Notes on Gradient Descent Optimization

Source


An overview of gradient descent optimization algorithms

Short summary for each algorithm

Here I summarize few modern gradient descent algorithms as they are so common to be seen in research papers. I do not understand why many researchers don’t appreciate the work in this line. However, to me, they do look amazing and intelligent, and that’s why I would like to write a note down here.

Most of the content comes from the above source paper, which is the best summary of this sort of algorithms I have seen in recent years. I recommend that you read it.

Momentum

Accelerate along the slope.

\[\begin{align*} v_t &= \gamma v_{t-1} + \eta \nabla_{\theta} J(\theta) \\ \theta &= \theta - v_t \end{align*}\]

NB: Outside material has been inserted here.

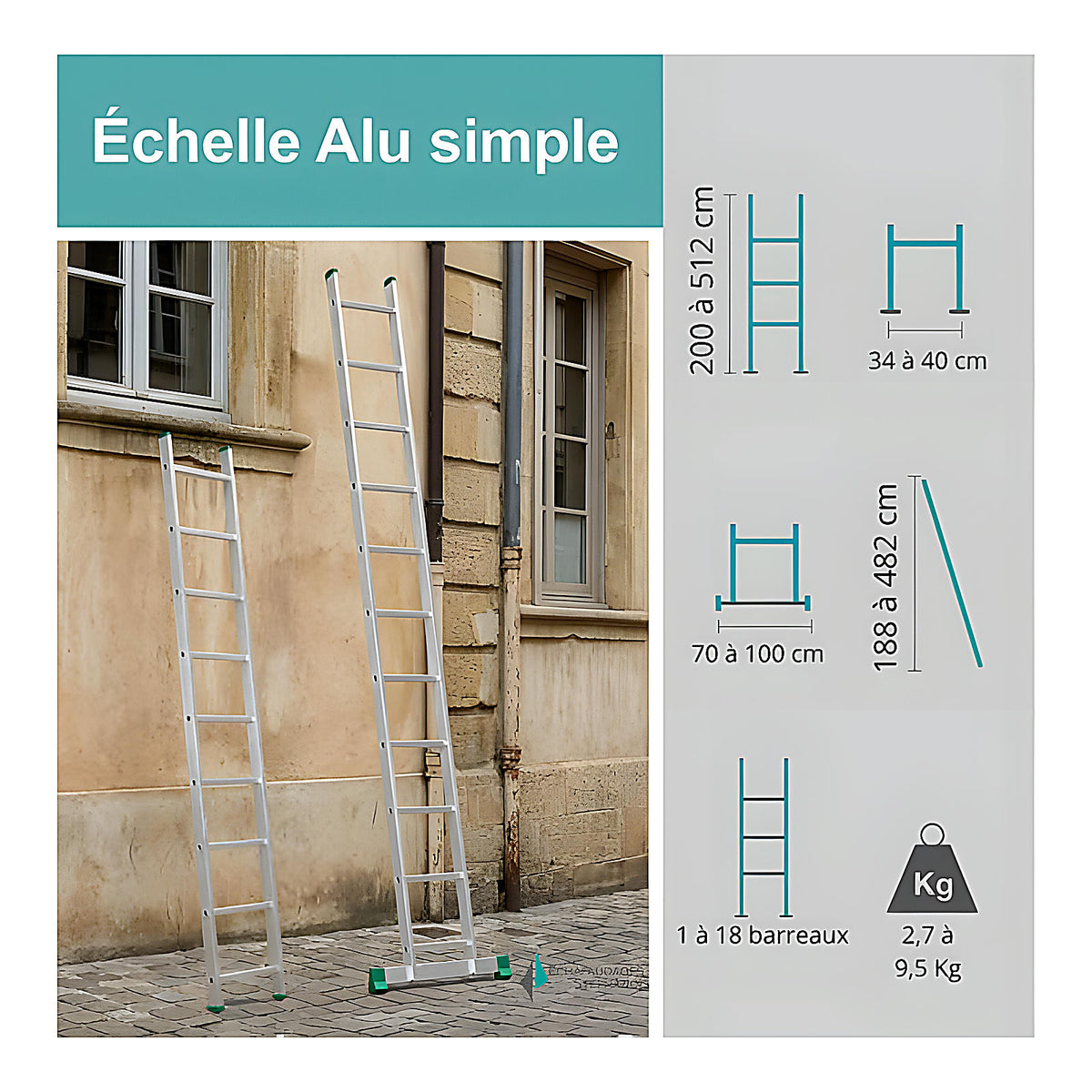 Échelle aluminium simple 2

Nesterov Accelerated Gradient

Slow down the velocities before hitting the local optimum by looking ahead the estimated update \(\theta - \gamma v_{t-1}\).

\[\begin{align*} v_t &= \gamma v_{t-1} + \eta \nabla_{\theta} J(\theta - \gamma v_{t-1}) \\ \theta &= \theta - v_t \end{align*}\]

AdaGrad

It introduces per-parameter updates or learning rates, which is good for sparse data, since it can run a bigger step for the parameters that are rarely updated, and vice versa. On successful story for this is that Glove, a well-known word embedding model, uses this for updating rare words’ embedding.

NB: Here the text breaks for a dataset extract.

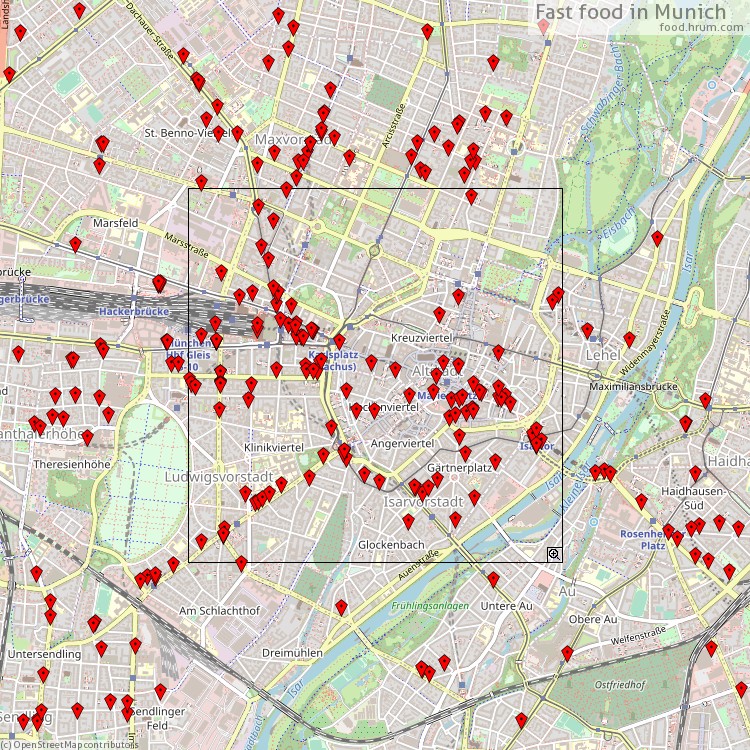 Fast Food München - map of restaurants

\[\begin{align*} \theta_{t+1} &= \theta_t - \frac{\eta}{\sqrt{G_t + \epsilon}} \odot g_t \end{align*}\]

where \(G_t\) is the sum of squared historical gradients.

AdaDelta

The weaknesses of AdaGrad are (1) that the learning rate will eventually become infinitesimally small and (2) that the updates based on the gradients and the learning rates are different in “units”.

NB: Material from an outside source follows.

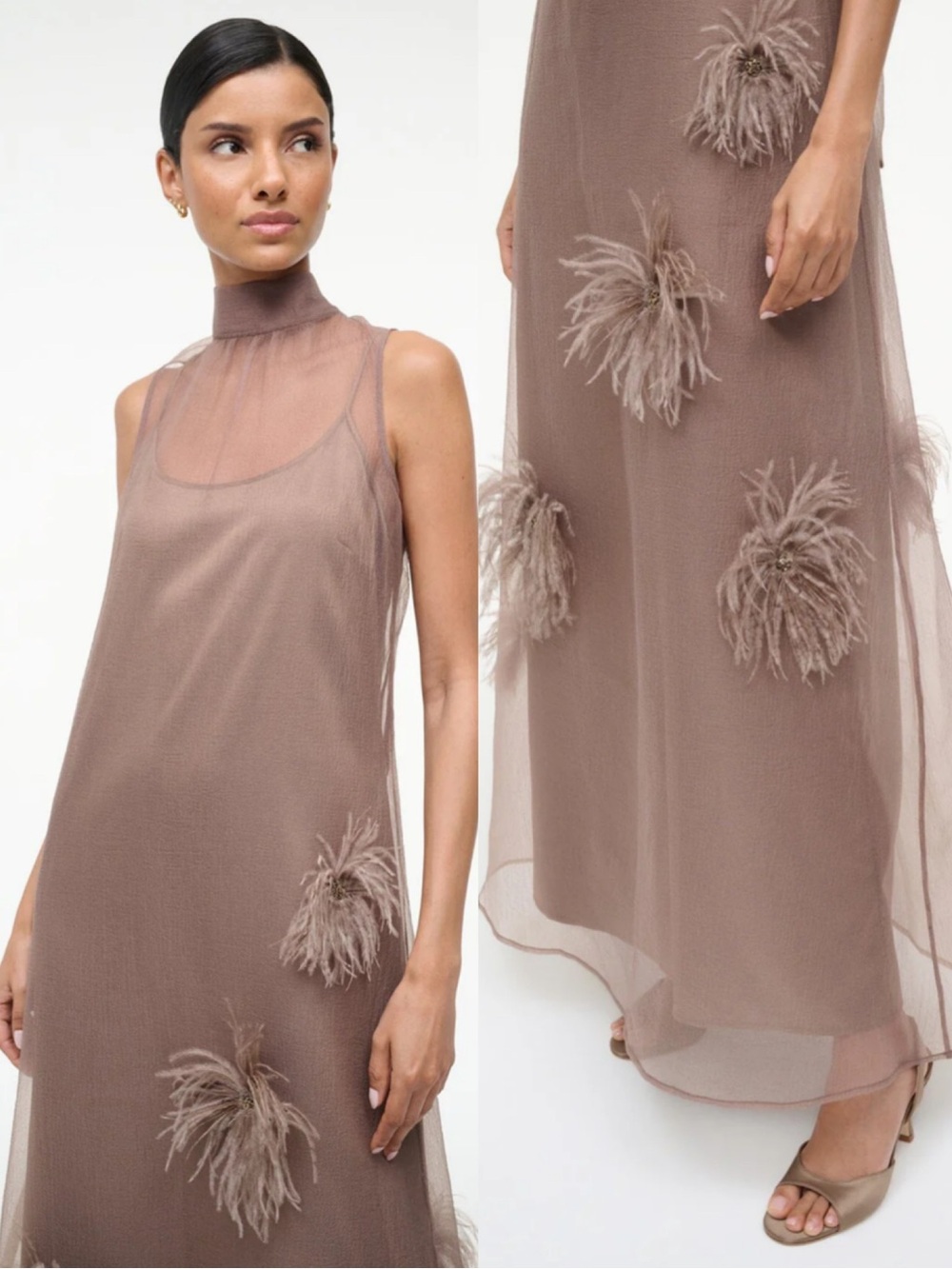 STAUD Taupe Albee Truffle Organza Maxi Dress Size Small - Picture 10 of 10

To solve the first problem, it uses a decaying average gradients: \[ G_t = \rho G_{t-1} + (1-\rho) g_t^2 \] And for the second problem, they create another variable \(\Delta x_t\) and store histories of the variable using the same way as the gradients so that it maintains the hypothetical “units”. Note that the \(\Delta x_t\) can also be noted as \(\Delta \theta_t\) if that makes you feel more compatible to other algorithms.

\[\begin{align*} \Delta x_t &= - \frac{\sqrt{D_{t-1} + \epsilon}}{\sqrt{G_t + \epsilon}} g_t \\ D_t &= \eta D_{t-1} + (1-\eta) \Delta x_t^2 \\ x_{t+1} &= x_t + \Delta x_t \end{align*}\]

Note that this method doesn’t even need the initial learning rate. It completely depends on the historical \(\Delta x_t\).

RMSprop

This is basically the AdaDelta that skips the unit issue.

\[\begin{align*} G_t &= \rho G_{t-1} + (1-\rho) g_t^2 \\ \theta_{t+1} &= \theta_t - \frac{\eta}{\sqrt{G_t + \epsilon}} g_t \end{align*}\]

Adam

A mix of AdaGrad and RMSProp. Adam calculates a decaying average of the gradient and the squared gradient, controlled by \(\beta_1\) and \(\beta_2\).

\[\begin{align*} m_t &= \beta_1 m_{t-1} + (1-\beta_1) g_t \\ v_t &= \beta_1 v_{t-1} + (1-\beta_1) g_t^2 \end{align*}\]

where \(m_t\) is the first moment (mean) and \(v_t\) is the second moment (uncentered variance). Moreover, to avoid that in the early steps they would bias toward zero, a bias correlation mechanism is adopted.

\[\begin{align*} \hat{m}_t &= \frac{m_t}{1-\beta_1^t} \\ \hat{v}_t &= \frac{v_t}{1-\beta_2^t} \end{align*}\]

Lastly, the Adam update rule \[ \theta_{t+1} = \theta_t - \frac{\eta}{\sqrt{\hat{v}_t} + \epsilon} \hat{m}_t \]

The author also suggests values for each parameter:

  • \(\eta\): 0.1
  • \(\beta_1\): 0.9
  • \(\beta_2\): 0.999
  • \(\epsilon\): 10e-8

Take home

In modern deep learning frameworks, two commonly suggested optimization algorithms worth trying first are

  • SGD + Nesterov
  • Adam

References

  1. https://machinelearningmastery.com/adam-optimization-algorithm-for-deep-learning/
  2. http://cs231n.github.io/neural-networks-3/
  3. An overview of gradient descent optimization algorithms
  4. Adam: A Method for Stochastic Optimization
Written on October 15, 2017